United States v. Robinson
2011 U.S. App. LEXIS 22162
7th Cir.2011Background
- Robinson ran a cocaine-trafficking operation in Washington Park Homes, Chicago.
- A sting occurred after he offered a $1,000-per-week bribe to Officer Weyforth to “get the heat off” his drug trafficking.
- Robinson paid Weyforth over several weeks; a deal was formed to deliver two kilograms of cocaine bought with $5,000 up front and $5,000 later.
- Robinson was convicted on federal funds bribery under 18 U.S.C. § 666(a)(2) and attempted possession with intent to distribute under 21 U.S.C. § 846.
- The district court’s handling of jury instructions included a coercion instruction whose omission from the posted electronic docket is contested on appeal.
- The court analyzes (i) the coercion instruction issue, (ii) the federal-funds element, and (iii) the transactional element of § 666(a)(2).
Issues
| Issue | Plaintiff's Argument | Defendant's Argument | Held |
|---|---|---|---|
| Coercion instruction omission impact | Government argues no plain error; instruction given, and omission not affecting rights | Robinson contends omission was plain error affecting trial fairness | Omission not shown to affect substantial rights; no plain error |
| Federal-funds element sufficiency | Chicago PD received over $10,000 in federal funds during the relevant year | Evidence insufficient to prove >$10,000 funded year | Evidence showed >$4 million city grant with PD receipt; sufficient to satisfy § 666(b) |
| Transactional element sufficiency (intangible business) | Bribe intended to influence PD’s business; value shown by salaries, ongoing bribe, and potential profits | Value of intangible law-enforcement activity cannot be proven; reliance on bribe amount limited | Statutory language broad; evidence sufficient to show value meets $5,000 threshold; bribe may evidence value of intangible business; rational juror could convict |
Key Cases Cited
- Sabri v. United States, 541 U.S. 600 (U.S. 2004) (limits on government power under Spending Clause; no nexus required between bribe and funds)

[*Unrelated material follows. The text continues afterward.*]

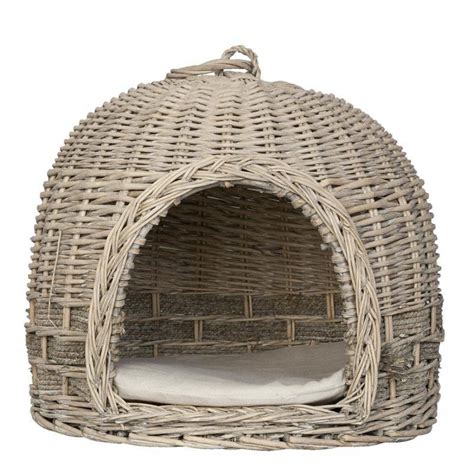 Štýlový ratanový pelech pre psa v modernom interiéri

- Salinas v. United States, 522 U.S. 52 (U.S. 1997) (transactional element not confined to affecting funds; broad 'any' language)
- Marmolejo v. United States, 89 F.3d 1185 (5th Cir. 1996) (intangible bribes can satisfy § 666(a)(2)'s $5,000 threshold; value need not map to city’s value)
- Townsend v. United States, 630 F.3d 1003 (11th Cir. 2011) (intangible benefits can meet § 666(a) value threshold; bribe amount used as proxy)
- United States v. Zimmermann, 509 F.3d 920 (8th Cir. 2007) (valorization of bribes for intangible transactions under § 666(a))
- United States v. Fernandes, 272 F.3d 938 (3d Cir. 2001) (affirmed § 666(a) conviction for bribery involving expungement)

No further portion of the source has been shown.